LOS ANGELES--A survey of men with and without prostate cancer used four different instruments (see below) to get a clear picture of how treatment decisions affect quality of life, and found some surprising results, Mark S. Litwin, MD, MPH, told Oncology News International.
Quality of life should be considered an important medical outcome, on a par with quantity of life, when making treatment decisions in prostate cancer, said Dr. Litwin, of the UCLA School of Medicine. Yet in most studies, outcome measures of various treatments are no more sensitive than "alive versus dead."
Researchers from UCLA and the RAND Corporation measured quality of life in 214 men treated for clinically localized prostate cancer and 273 age-matched controls who had never had prostate cancer diagnosed. The patients were treated with either radical prosta-tectomy (98 patients), external-beam irradiation (56), or observation alone (60).

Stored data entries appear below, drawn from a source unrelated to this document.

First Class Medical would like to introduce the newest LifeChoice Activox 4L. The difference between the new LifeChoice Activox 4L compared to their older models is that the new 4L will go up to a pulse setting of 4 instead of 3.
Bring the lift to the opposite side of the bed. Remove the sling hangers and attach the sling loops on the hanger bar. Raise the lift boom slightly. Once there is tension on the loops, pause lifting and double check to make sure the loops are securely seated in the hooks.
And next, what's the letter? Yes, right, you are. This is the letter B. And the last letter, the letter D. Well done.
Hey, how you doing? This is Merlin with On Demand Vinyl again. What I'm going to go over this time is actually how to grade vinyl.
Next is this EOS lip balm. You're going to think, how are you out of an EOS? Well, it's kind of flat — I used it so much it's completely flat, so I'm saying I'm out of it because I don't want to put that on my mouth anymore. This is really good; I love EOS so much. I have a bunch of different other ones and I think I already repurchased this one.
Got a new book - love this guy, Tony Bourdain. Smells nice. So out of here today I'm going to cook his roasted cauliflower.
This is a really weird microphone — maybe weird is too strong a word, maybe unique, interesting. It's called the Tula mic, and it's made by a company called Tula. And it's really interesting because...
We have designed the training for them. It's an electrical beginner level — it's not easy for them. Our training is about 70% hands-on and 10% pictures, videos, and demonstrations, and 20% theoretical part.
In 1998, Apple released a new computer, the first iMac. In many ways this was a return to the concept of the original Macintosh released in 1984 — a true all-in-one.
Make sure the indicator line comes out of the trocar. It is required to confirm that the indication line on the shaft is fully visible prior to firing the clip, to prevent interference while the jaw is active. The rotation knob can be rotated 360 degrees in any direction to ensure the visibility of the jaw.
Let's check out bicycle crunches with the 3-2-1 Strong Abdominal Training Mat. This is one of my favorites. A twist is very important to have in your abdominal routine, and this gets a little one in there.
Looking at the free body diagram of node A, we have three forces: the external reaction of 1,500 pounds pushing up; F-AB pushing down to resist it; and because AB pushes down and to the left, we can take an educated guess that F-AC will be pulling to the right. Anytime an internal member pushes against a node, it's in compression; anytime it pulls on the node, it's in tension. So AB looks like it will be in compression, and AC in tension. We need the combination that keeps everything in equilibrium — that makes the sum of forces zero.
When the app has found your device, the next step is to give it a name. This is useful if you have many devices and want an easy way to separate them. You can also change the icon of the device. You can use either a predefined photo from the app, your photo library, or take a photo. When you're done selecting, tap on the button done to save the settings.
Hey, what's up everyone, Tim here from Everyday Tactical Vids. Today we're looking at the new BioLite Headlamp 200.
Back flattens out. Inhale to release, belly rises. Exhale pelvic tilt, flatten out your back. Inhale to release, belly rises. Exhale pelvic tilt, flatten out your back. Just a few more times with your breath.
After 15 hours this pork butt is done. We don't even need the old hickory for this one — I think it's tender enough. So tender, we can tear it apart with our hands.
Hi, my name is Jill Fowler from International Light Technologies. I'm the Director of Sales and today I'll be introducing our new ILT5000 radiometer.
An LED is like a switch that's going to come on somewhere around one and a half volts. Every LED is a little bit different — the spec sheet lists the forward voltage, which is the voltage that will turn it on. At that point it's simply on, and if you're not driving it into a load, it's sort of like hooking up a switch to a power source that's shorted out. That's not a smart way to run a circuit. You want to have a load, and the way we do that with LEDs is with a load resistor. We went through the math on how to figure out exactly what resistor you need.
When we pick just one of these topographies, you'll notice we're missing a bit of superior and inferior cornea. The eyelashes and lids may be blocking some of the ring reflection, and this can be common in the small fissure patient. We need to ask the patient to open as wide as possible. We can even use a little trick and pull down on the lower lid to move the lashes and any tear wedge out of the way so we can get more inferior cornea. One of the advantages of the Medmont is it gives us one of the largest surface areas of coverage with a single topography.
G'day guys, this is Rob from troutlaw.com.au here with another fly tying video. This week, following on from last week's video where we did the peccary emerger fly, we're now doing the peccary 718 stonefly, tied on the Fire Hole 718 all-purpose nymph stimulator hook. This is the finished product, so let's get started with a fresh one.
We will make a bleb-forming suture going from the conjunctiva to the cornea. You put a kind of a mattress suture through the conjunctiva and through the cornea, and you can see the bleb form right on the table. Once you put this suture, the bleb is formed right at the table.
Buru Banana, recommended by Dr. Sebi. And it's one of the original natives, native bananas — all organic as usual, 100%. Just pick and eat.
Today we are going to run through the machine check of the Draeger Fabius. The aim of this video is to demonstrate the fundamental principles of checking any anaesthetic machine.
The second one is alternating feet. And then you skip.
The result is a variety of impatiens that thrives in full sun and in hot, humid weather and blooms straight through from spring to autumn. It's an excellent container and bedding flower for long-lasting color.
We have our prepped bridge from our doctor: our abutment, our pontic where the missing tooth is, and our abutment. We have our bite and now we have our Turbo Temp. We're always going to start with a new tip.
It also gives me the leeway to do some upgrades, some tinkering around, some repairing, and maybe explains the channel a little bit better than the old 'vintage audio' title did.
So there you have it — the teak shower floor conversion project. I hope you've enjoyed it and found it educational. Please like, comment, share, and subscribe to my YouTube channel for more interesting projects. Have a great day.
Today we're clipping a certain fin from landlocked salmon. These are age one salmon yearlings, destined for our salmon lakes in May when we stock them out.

Patients completed a questionnaire at home, without assistance.
Surprisingly, responses to the parts of the survey reflecting general health and well-being showed no differences between patients and controls, Dr. Litwin said (JAMA 273:129-135, 1995). One exception was that observation patients reported greater role limitations due to emotional problems, which may be caused by anxiety and uncertainty concerning the future course of their prostate cancer.
Day-to-Day Life Not Compromised
A cancer-specific questionnaire also showed no differences in general health (excluding sexual function), "implying that the major activities in patients' day-to-day lives are not compromised after prostate cancer therapy, regardless of which treatment is chosen," he said.
However, a prostate-specific instrument revealed significant differences between patients and controls in bowel symptoms, urinary incontinence, and sexual dysfunction. Surgery and radiation patients were worse off functionally than observation or comparison patients. The surprising finding was that many were not very bothered by their dysfunctions.